Peer review completion

AR: Author's response | RR: Referee report | ED: Editor decision | EF: Editorial file upload

ED: Reconsider after major revisions (further review by editor and referees) (02 Aug 2022) by Thomas Mölg

AR by Matteo Guidicelli on behalf of the Authors (11 Oct 2022) Author's response Author's tracked changes Manuscript

ED: Referee Nomination & Report Request started (19 Oct 2022) by Thomas Mölg

RR by Anonymous Referee #2 (04 Nov 2022)

RR by Fabien Maussion (09 Dec 2022)

Suggestions for revision or reasons for rejection

Dear authors,

I would like to start my review with an apology for the time it took me to write it. I am aware that endless review processes are a real strain (especially for PhD students), and some unplanned personal matters prevented me from writing sooner.

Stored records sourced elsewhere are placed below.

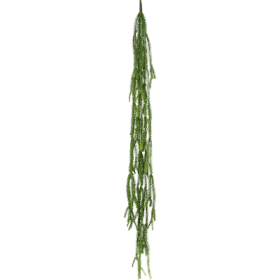 Epiphyllum Wiszący Busch 125 cm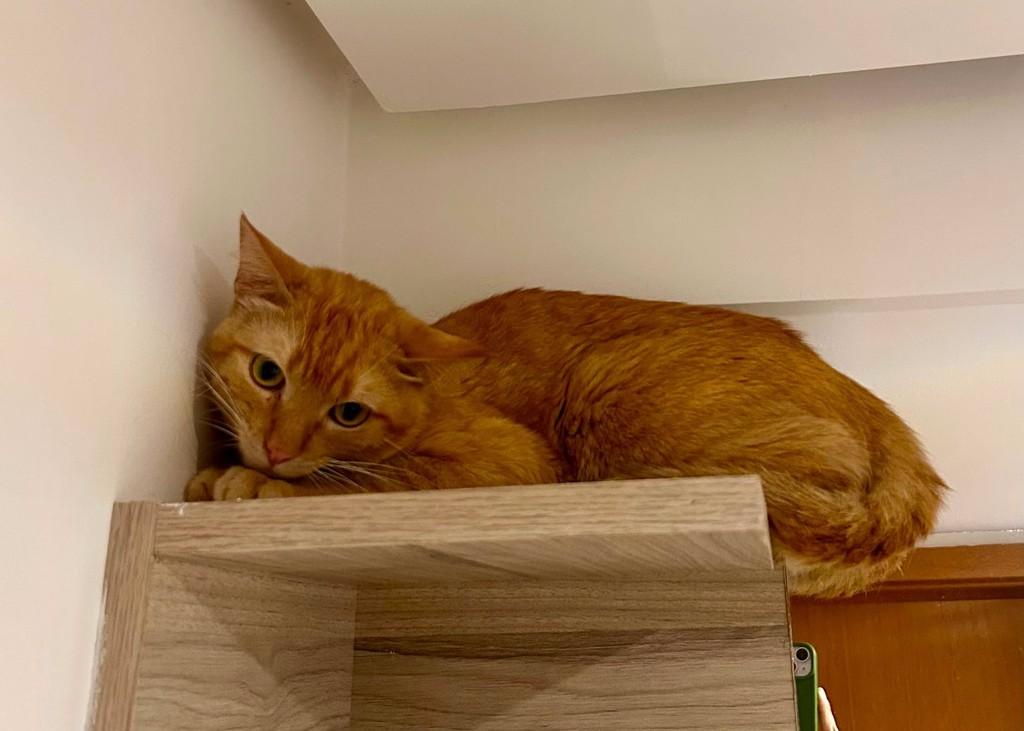 Laranjinha, gato de porte médio para adoção em Campo Grande - MS
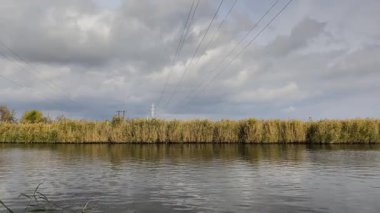 Nehir üzerinde elektrik hatları. Sakin nehir bulutlu gökyüzünün altında uzun sazlıklar boyunca akıyor. Su hareketi kırsal arazinin atmosferini yansıtır. Altın kamışlı ve dalgalı su yüzeyli nehir kıyısı.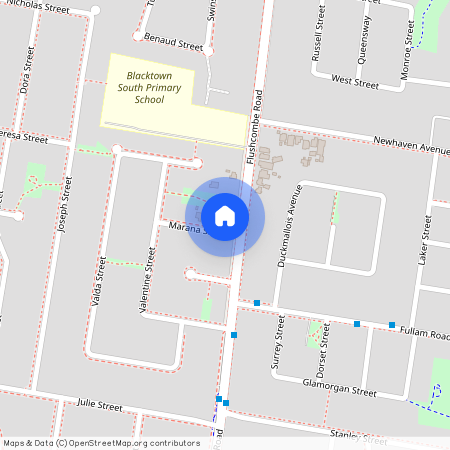 203 Flushcombe Road, Blacktown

Another (less important) reason for the late review, however, is that the paper is a difficult read. I really enjoyed the study and I find that it is relevant and interesting, but as of the current version the manuscript feels like a puzzle that the readers have to solve by themselves, because a lot of relevant information is scattered across the manuscript. I also believe that the first round of reviews shaped the manuscript in a way which makes it less readable now. I think however that the manuscript can be brought in a reasonable shape with some restructuring.

I will start with the most important point: what is the purpose of the paper? The title says “Snow accumulation over glaciers … inferred from climate reanalyses and machine learning”. But, in reality, snow accumulation is never analyzed (or even plotted! I only see correction factors everywhere). What is analyzed is the capacity of a statistical model to reconstruct winter mass-balance (not snow) in space and time.

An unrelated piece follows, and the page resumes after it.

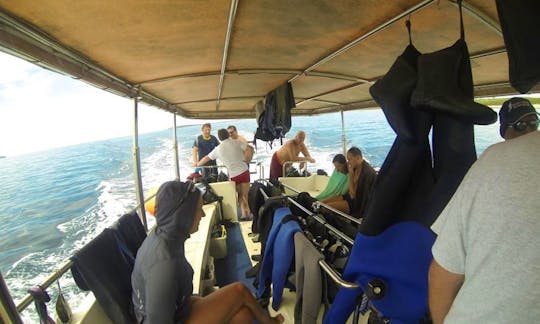 Daily Diving Excursion in Mali Lošinj, Croatia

Note that the study is well introduced: the problems stated in the introduction are real, and it IS a good idea to use winter mass-balance observations to look at biases in reanalysis data. At the end of the introduction, however, the authors state: “we thus aim at providing improved observation-independent SWE estimates at highest elevations of different mountain ranges across the Earth”. But the manuscript does not provide anything like that, does it? I saw no SWE data, and I also didn’t see a code & data availability section (against TC’s policies, by the way: https://www.the-cryosphere.net/policies/data_policy.html).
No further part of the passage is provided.